As I was driving home from school this evening, I rounded a corner and ran into a glorious site: the most stunning harvest moon that I have seen in a very long time. Well, it wasn’t quite a full moon—but it was a breathtaking half moon gleaming and gold, partially concealed in the evening’s wispy fog (or maybe clouds – I was too distracted by the moon itself to tell, I only know it hung, nestled in a bevy of wispy whiteness) and it took my breath away. As there was no one else on the road, I was free to admire for a bit before continuing my drive home. The moon, after all, is a manifestation of a God that I adore, deeply and utterly and I consider such unexpected glimpses of such loveliness as I saw tonight to be small gifts, tiny blessings, ineffable grace notes that brighten the sometimes weary process of living.

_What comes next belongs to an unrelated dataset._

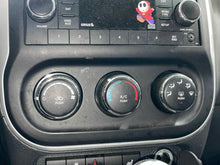 Load image into Gallery viewer, TEMPERATURE CONTROLS Caliber Compass Patriot 2011-2016 - NW533847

The small shock of such a moment of unexpected beauty shook me out of the lazy ennui of my evening. It brought me back to a sense of connectedness with the ancestors, the Gods, the world—such an insignificant thing and yet so important for me tonight. I should add that our moon God is beautiful, He and His chariot suspended as they are in the night’s inky darkness reek of a beauty so immense and at the same time so strange that the word itself seems little more than a brittle, shallow container for the reality of what on our tongues it is asked to hold. He is everything of sensuality, longing, mystery, delight, flirtation, danger, abandon, mystery - evocative and inspiring in a thousand ways large and small.  In the meanderings of my imagination, I could see Him easily dining on ambrosia with Dionysus or riding fierce and mad in a hunt more ancient than that of Odin. These are but my own imaginings though and they vanish easily in light (pun very much intended) of the outward manifestation of His mysteries: the moon itself. At least tonight.

Moments like these are one of the things that call my mind back to the Gods and ancestors. When I’m tired and overworked, it’s easy, tempting even, to tune out, unplug, disconnect. I’m grateful for those moments that remind me not to do that. It’s happened before, always with something seemingly insignificant, something that would likely have no meaning for anyone else but me: when I am least expecting it, I stumble across something that shocks me back into mindfulness, into connection. It’s usually something very simple, very pleasant, and often quite lovely. Sometimes, like tonight, it’s something that reminds me of a specific God or Goddess that I adore and Whose veneration I hold dear. As I grow older, I find myself more willing to pay attention to these little gifts, and more adept at recognizing them when they come my way (after all, there is more than a little truth in the old adage about being able to lead a horse to water but not make him drink…).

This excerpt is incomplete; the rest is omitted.